Una quimera más
Uri Avnery
¿Qué tiene de malo la petición de que la cúpula palestina reconozca a Israel como el ‘‘Estado-nación del pueblo judío’’?
Bien, pues prácticamente todo.
Los Estados se reconocen los unos a los otros. No tienen por qué reconocer el carácter ideológico de unos y otros.
Un Estado es una realidad. Las ideologías pertenecen al campo de lo abstracto.
En 1933, cuando Estados Unidos reconoció a la Unión Soviética, reconocía el Estado, no su naturaleza comunista.
Cuando la OLP reconoció al Estado de Israel en los Acuerdos de Oslo, no se le pidió que reconociera su ideología sionista (y tampoco en las negociaciones previas). Cuando Israel a cambio reconoció a la OLP como representante del pueblo palestino, no reconoció ninguna ideología palestina en particular, laica o religiosa.
A algunos israelíes (entre los que me incluyo) les gustaría cambiar la autodefinición de Israel como un ‘‘Estado judío y democrático’’, omitiendo la palabra ‘‘judío’’. A algunos otros les gustaría omitir o degradar la palabra ‘‘democrático’’. Ninguno de nosotros cree que necesitemos la confirmación de los palestinos para hacer esto. Simplemente no es asunto suyo.
Reconocer al «Estado nacional del pueblo judío» es aceptar toda la narrativa sionista desde la promesa divina de Abraham
No sé cuál es la intención real de Netanyahu cuando presenta esta petición como un ultimátum.
La explicación más halagadora para su ego es que simplemente se trata de otra artimaña para sabotear el ‘‘proceso de paz’’, antes de que se llegue al punto de la petición de evacuar los asentamientos israelíes en los territorios palestinos. La menos halagadora es que realmente se lo cree, que lo motiva un profundo y arraigado complejo de inferioridad nacional que necesita una garantía externa de ‘‘legitimidad’’. Reconocer al ‘‘Estado nacional del pueblo judío’’ significa aceptar toda la narrativa sionista, al completo, empezando por la promesa divina de Abraham hasta hoy en día.

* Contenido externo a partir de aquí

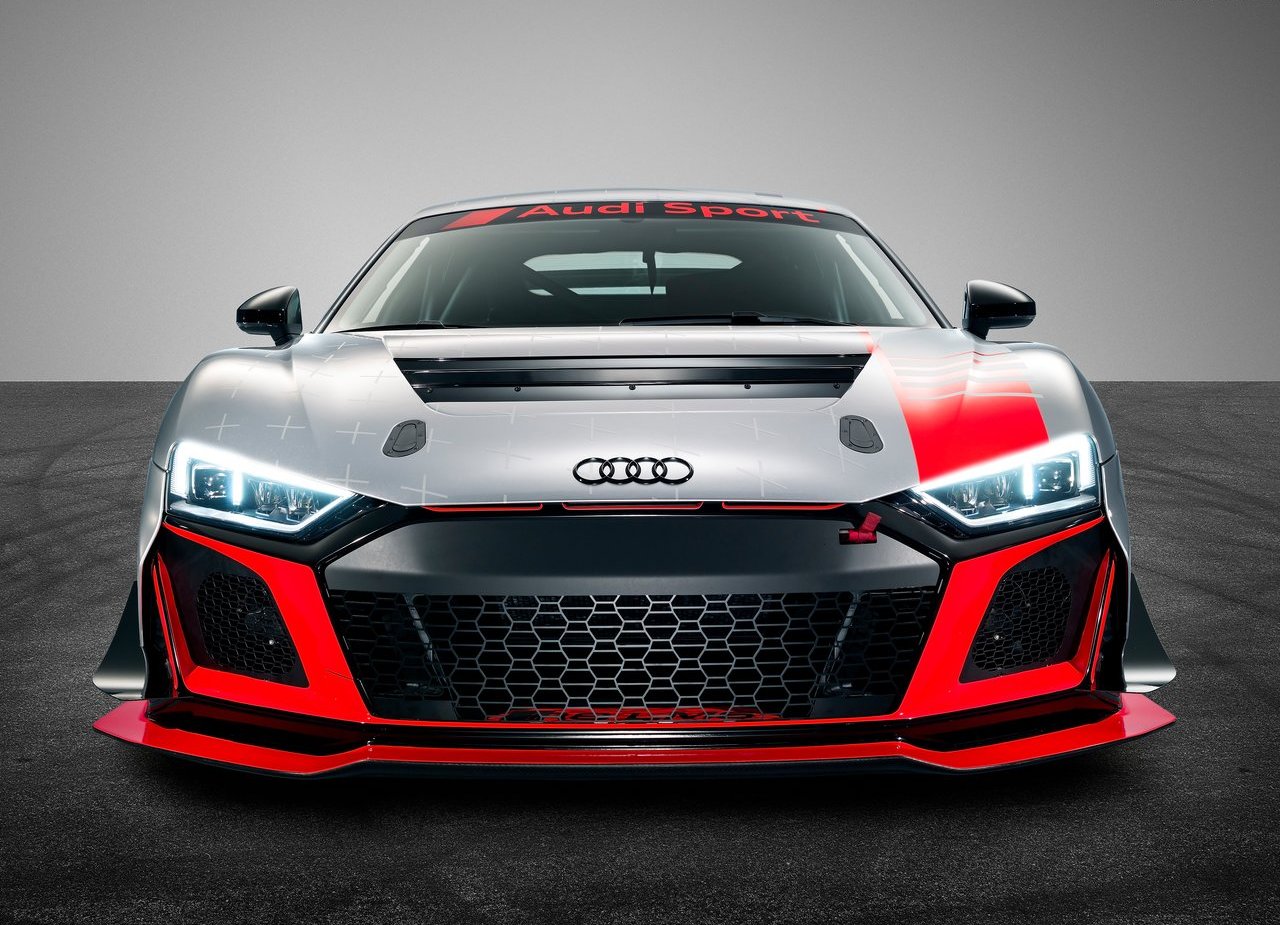 2020 - AUDI R8 LMS GT4, foto 17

Cuando John Kerry se plantea si incluir esta petición en su acuerdo marco, debería reflexionar sobre esta cuestión concienzudamente. ¿En qué lugar dejaría esto a su emisario especial Martin Indyk?

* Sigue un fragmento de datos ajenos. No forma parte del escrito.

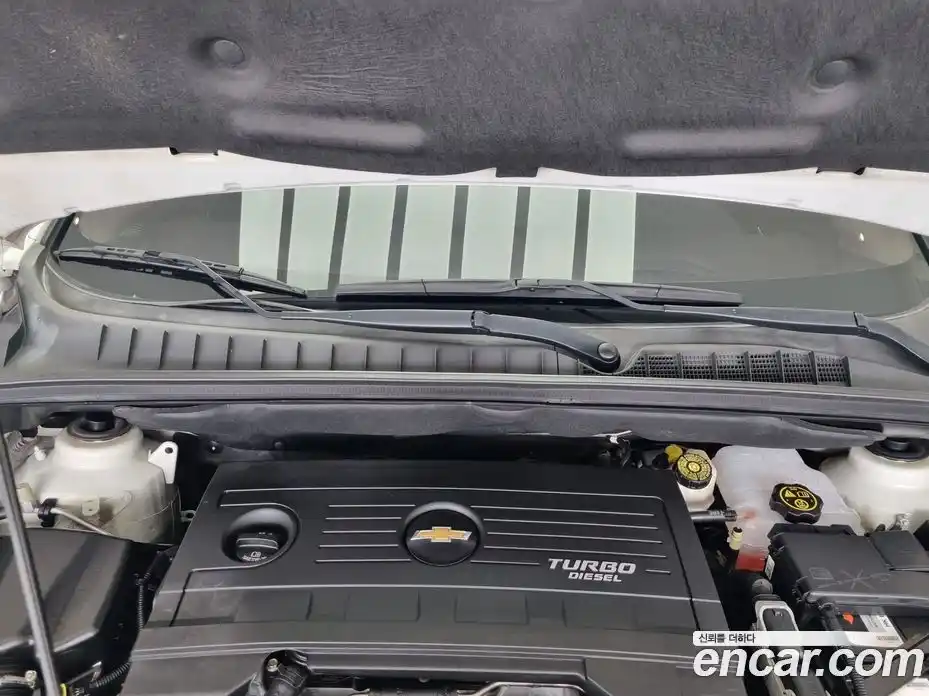 Chevrolet Orlando 2014 2.0 Автомат в Москве № 298235, фото 6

Indyk es un judío, y lleva un apellido yiddish (Indyk significa pavo). Si Israel es el Estado de toda la nación o pueblo judío, él está incluido, lo quiera o no. El Estado de Israel lo representa también a él. ¿Cómo puede entonces servir para ser un negociador honesto entre los dos bandos enfrentados?
¿Y en qué lugar deja esto a los millones de judíos norteamericanos, ahora que el conflicto entre los gobiernos de Estados Unidos e Israel se está intensificando? ¿En qué bando están? ¿Son todos ellos como Jonathan Pollard?
La voz independiente de los norteamericanos con respecto a Israel, descubierta recientemente, lleva a los derechistas israelíes a idear soluciones cada vez más extrañas. El ejemplo más reciente es la brillante idea de Binyamin Netanyahu: ¿por qué no dejar a los colonos israelíes donde están como ciudadanos palestinos?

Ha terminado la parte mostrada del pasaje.